Do You Believe in Magic: A Review of The Rook, Daniel O'Malley

Have you ever experienced a moment in time that you know will result in something brilliant coming your way?  Such was my foresight in purchasing The Rook, by Daniel O'Malley as a Christmas gift not only anticipating that the receiver would love it but that it would soon be in my hand to read.  And as all good things come full circle, here I sit with this very said book unable to put the dam thing down.  I most likely didn't need to swear but Holy Shit Balls people this book is redonkulous and by redonkulous I mean amazing.  A year of blogging has really honed my writing, don't you think?

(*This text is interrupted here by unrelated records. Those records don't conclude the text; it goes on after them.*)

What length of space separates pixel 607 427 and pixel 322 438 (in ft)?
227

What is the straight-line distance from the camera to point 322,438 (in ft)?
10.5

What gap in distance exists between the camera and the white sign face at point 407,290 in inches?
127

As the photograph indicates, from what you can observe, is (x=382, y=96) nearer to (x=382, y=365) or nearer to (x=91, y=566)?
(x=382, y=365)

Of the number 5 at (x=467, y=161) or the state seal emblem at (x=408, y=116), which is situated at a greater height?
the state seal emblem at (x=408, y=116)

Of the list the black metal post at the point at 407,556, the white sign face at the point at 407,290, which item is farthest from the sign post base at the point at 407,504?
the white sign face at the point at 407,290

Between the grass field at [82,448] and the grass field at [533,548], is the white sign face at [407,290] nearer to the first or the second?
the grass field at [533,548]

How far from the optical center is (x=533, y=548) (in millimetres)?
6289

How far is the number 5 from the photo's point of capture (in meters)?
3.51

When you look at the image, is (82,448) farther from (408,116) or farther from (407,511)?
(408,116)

Yes, The Rook, where to begin but with a little confession.  Magic is my thing, so are superheroes, sarcasm, and witty, quirky female protagonists.  So not surprisingly I fell pretty hard and am finding myself having to leave the book on another floor in my house to ensure that I go to bed instead of reading it through to the morning light.  Which is something I have never done.  I willingly will sacrifice my daily interactions with humanity for a book but will not jeopardize a full night's sleep.  Even more so now that there is a three-year-old in the house who likes to request to watch "Super Friends" (here is over 2 hrs worth) at 4 in the morning with him.   Much to his surprise, his Mommy has never said, sure, 4 in the morning is the best time to sit back and watch the Super Friends kick some Legion of Doom ass.  (see how quirky and witty I am)

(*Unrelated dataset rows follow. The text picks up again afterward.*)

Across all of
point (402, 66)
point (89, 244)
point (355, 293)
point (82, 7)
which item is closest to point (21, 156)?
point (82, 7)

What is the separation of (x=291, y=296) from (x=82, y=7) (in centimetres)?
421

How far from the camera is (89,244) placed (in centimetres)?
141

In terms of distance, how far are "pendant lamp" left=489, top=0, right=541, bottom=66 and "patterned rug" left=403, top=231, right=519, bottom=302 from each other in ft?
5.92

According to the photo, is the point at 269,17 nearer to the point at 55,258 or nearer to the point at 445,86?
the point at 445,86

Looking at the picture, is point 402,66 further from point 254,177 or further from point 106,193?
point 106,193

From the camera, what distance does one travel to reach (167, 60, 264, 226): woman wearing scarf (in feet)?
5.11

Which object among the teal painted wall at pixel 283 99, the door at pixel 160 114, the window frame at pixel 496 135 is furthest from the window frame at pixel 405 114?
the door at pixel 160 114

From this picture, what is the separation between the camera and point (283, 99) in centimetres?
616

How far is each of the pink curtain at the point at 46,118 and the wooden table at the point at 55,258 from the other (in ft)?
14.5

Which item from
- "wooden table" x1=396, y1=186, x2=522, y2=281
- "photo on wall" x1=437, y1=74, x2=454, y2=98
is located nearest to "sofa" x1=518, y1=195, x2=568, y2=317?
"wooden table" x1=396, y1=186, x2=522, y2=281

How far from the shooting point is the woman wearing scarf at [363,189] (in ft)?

The book opens to carnage.  Latex gloved bodies are strewn all over a London park with the witty, quirky protagonist Myfanwy Thomas standing amongst it all, bewildered to not only what has transpired but to whom she is.  And from that dramatic launching point, you are drawn into a world not unlike our own, just with more fantastical elements on display.  An X-File junky back in the day, the old mantra "I want to believe" is as much a part of me as The Force is to Luke Skywalker.  (Honestly, I have no idea).   And so it does not take me long to want to accept a world filled with secret agents from a supernatural government department mandated to save us all from the nightmares we "normals" can barely comprehend.  

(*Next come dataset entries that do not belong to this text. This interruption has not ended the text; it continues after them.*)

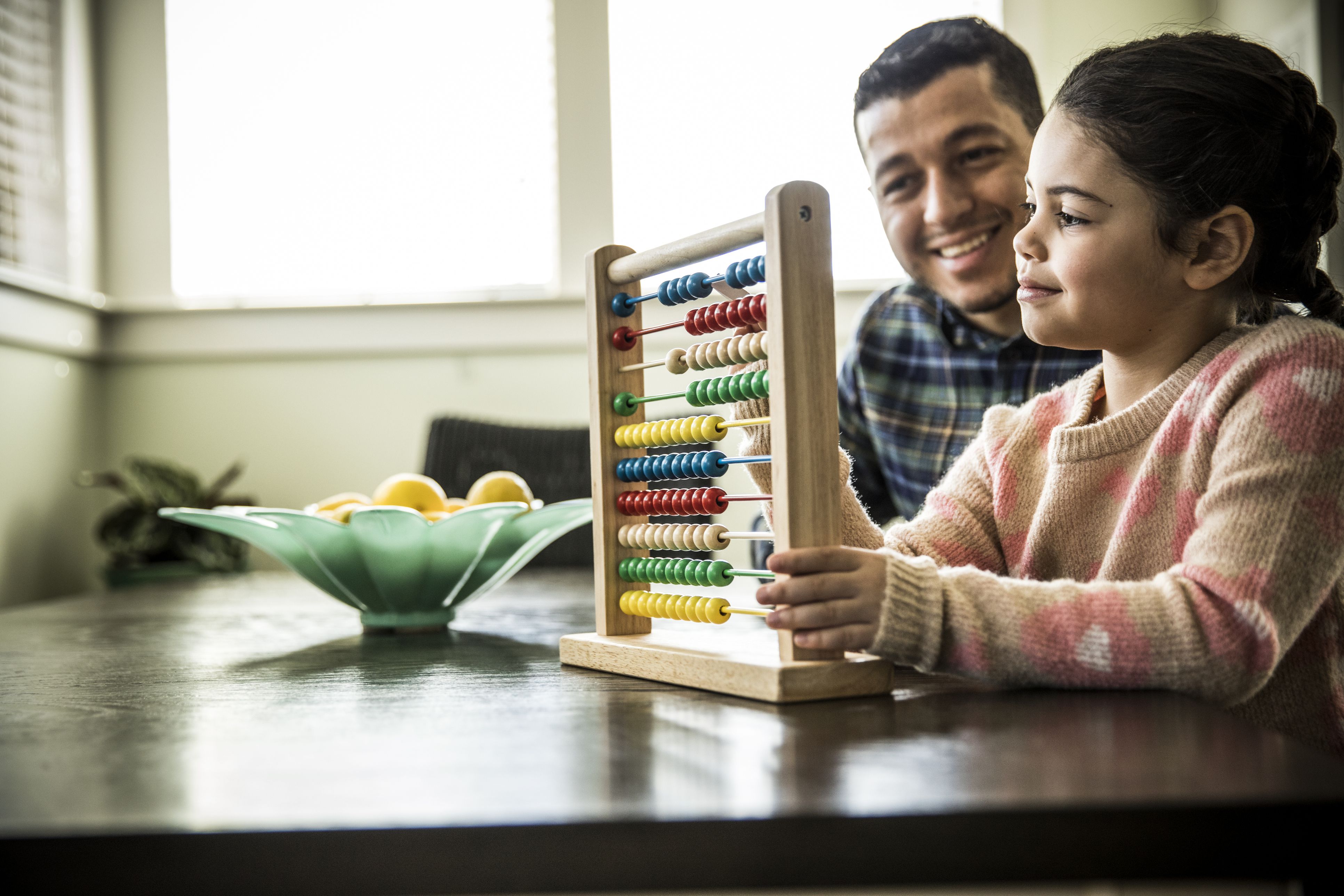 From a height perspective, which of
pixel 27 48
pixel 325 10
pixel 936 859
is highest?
pixel 325 10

Reminiscent of the Harry Potter world that J.K. Rowling deftly spun, O'Malley easily meshes the world of today with the world of magic. It is easier to believe the unbelievable if everything else described is grounded in present day.   Where things take a turn is while Hogwarts's magic is PG, the magic and subsequent horrors found in the The Rook are resoundingly adult.  I just gorged on a descriptive side-story of the hatching of a dragon egg.  Words that come to mind is monstrously gory.   It was a wonderfully, delightful way to start my day.  

As I plow through the pages at an alarming speed, I know I will be returning to it again and again.   A lover of minutiae, this book is rammed with oddities to spark my imagination.   Superpowers range from the ability to fly , to the obscure:  through touch one gifted boy causes colour blindness.  Of all the characters it is Gestalt,  quadruplets sharing one mind that highlight the creativity of O'Malley.  This is a character driven novel, filled with quirks, humour and horrors.  Your skin will crawl while tears of laughter roll down your cheeks.